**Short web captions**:
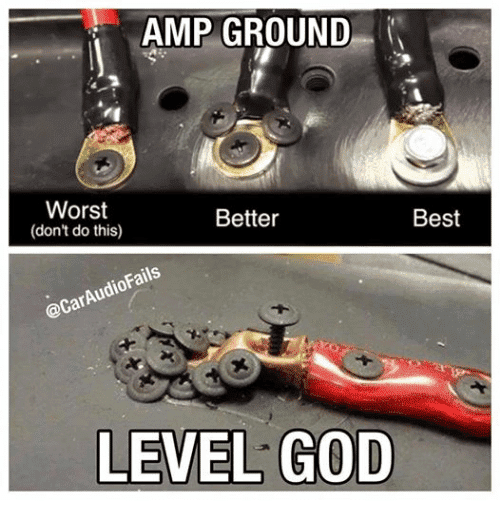 20b26ar.png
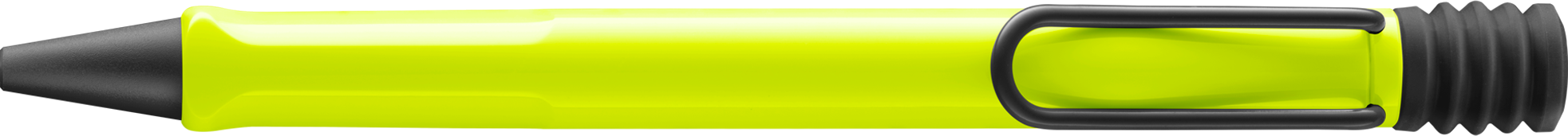 Special Edition Lamy Neon Safari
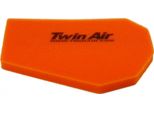 Filtro Aria Twin Air 157023 Per Aprilia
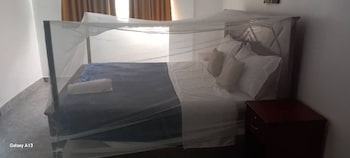 ingrids place namugongo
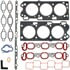 Mahle HS5978A Engine Cylinder Head Gasket Set Engine Cylinder Head Gasket Set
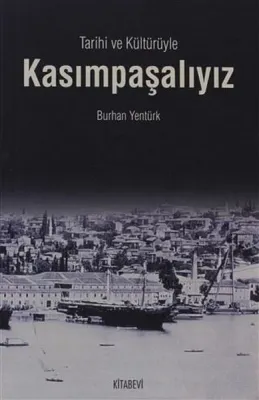 Kasımpaşalıyız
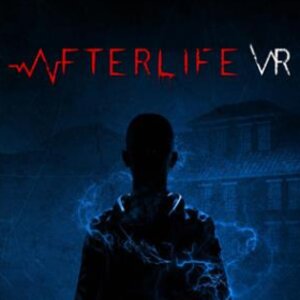 Kaufe Afterlife VR PS5 Preisvergleich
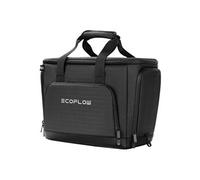 EcoFlow DELTA 3 Series - Sacoche pour centrale électrique portable - étanche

**PROBLEM TO WORK ON**: Write out again every line above exactly as given; the pictures do not belong in the copy.

**ANSWER TO THIS EXERCISE**:
 20b26ar.png
 Special Edition Lamy Neon Safari
 Filtro Aria Twin Air 157023 Per Aprilia
 ingrids place namugongo
 Mahle HS5978A Engine Cylinder Head Gasket Set Engine Cylinder Head Gasket Set
 Kasımpaşalıyız
 Kaufe Afterlife VR PS5 Preisvergleich
 EcoFlow DELTA 3 Series - Sacoche pour centrale électrique portable - étanche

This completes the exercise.